**How to complete this task:**
From the entries below, transcribe exactly the lines between the line holding "English Telescope Walking" and the line holding "201, 1805 26", inclusive; skip all other lines.

^^^^^^^^^^^^^^^^

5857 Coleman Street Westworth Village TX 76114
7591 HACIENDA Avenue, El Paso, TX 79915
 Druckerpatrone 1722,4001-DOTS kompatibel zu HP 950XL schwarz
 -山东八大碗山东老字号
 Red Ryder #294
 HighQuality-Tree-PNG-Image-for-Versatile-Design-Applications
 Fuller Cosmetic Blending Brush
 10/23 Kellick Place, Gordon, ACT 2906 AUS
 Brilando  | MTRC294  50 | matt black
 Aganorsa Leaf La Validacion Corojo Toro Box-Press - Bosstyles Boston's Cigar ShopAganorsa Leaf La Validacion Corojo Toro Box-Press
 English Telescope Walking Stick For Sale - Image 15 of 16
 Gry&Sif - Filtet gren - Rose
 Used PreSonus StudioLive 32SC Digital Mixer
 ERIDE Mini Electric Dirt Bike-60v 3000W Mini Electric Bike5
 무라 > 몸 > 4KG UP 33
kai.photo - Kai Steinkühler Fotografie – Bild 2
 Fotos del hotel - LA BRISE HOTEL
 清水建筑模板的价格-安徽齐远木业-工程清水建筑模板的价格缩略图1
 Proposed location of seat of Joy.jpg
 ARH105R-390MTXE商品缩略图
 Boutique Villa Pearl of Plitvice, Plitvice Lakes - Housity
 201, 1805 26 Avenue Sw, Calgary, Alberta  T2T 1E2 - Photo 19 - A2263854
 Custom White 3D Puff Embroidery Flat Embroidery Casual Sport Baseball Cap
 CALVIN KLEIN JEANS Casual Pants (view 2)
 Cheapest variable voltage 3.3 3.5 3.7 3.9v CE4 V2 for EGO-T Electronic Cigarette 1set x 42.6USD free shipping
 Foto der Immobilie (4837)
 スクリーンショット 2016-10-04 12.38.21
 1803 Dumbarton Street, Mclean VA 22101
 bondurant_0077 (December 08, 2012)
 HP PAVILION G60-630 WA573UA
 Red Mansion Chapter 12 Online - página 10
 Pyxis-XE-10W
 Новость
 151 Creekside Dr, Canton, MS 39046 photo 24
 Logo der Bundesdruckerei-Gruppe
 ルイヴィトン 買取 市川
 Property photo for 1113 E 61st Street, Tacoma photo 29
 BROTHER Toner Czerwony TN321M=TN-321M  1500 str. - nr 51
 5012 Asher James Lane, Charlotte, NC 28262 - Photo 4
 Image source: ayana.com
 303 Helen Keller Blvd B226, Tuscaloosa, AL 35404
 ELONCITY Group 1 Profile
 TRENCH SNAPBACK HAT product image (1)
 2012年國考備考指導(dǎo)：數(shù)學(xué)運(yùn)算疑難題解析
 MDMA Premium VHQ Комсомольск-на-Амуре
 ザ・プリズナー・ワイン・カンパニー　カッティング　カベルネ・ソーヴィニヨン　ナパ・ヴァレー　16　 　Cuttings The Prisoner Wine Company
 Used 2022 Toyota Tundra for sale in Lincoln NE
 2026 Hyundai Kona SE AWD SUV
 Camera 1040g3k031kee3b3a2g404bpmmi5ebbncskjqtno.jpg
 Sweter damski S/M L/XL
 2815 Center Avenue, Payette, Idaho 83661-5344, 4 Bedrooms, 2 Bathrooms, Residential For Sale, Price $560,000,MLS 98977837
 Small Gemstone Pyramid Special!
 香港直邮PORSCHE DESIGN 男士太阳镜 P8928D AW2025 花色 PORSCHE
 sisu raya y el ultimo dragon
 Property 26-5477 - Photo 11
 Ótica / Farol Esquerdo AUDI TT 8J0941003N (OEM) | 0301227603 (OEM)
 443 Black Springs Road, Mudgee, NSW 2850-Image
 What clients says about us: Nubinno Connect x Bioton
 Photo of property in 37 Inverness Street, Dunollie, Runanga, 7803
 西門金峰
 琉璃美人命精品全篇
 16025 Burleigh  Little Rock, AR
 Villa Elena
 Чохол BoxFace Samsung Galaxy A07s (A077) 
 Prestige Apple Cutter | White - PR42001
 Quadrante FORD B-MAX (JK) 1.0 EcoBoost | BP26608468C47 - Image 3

^^^^^^^^^^^^^^^^

**Result below:**
 English Telescope Walking Stick For Sale - Image 15 of 16
 Gry&Sif - Filtet gren - Rose
 Used PreSonus StudioLive 32SC Digital Mixer
 ERIDE Mini Electric Dirt Bike-60v 3000W Mini Electric Bike5
 무라 > 몸 > 4KG UP 33
kai.photo - Kai Steinkühler Fotografie – Bild 2
 Fotos del hotel - LA BRISE HOTEL
 清水建筑模板的价格-安徽齐远木业-工程清水建筑模板的价格缩略图1
 Proposed location of seat of Joy.jpg
 ARH105R-390MTXE商品缩略图
 Boutique Villa Pearl of Plitvice, Plitvice Lakes - Housity
 201, 1805 26 Avenue Sw, Calgary, Alberta  T2T 1E2 - Photo 19 - A2263854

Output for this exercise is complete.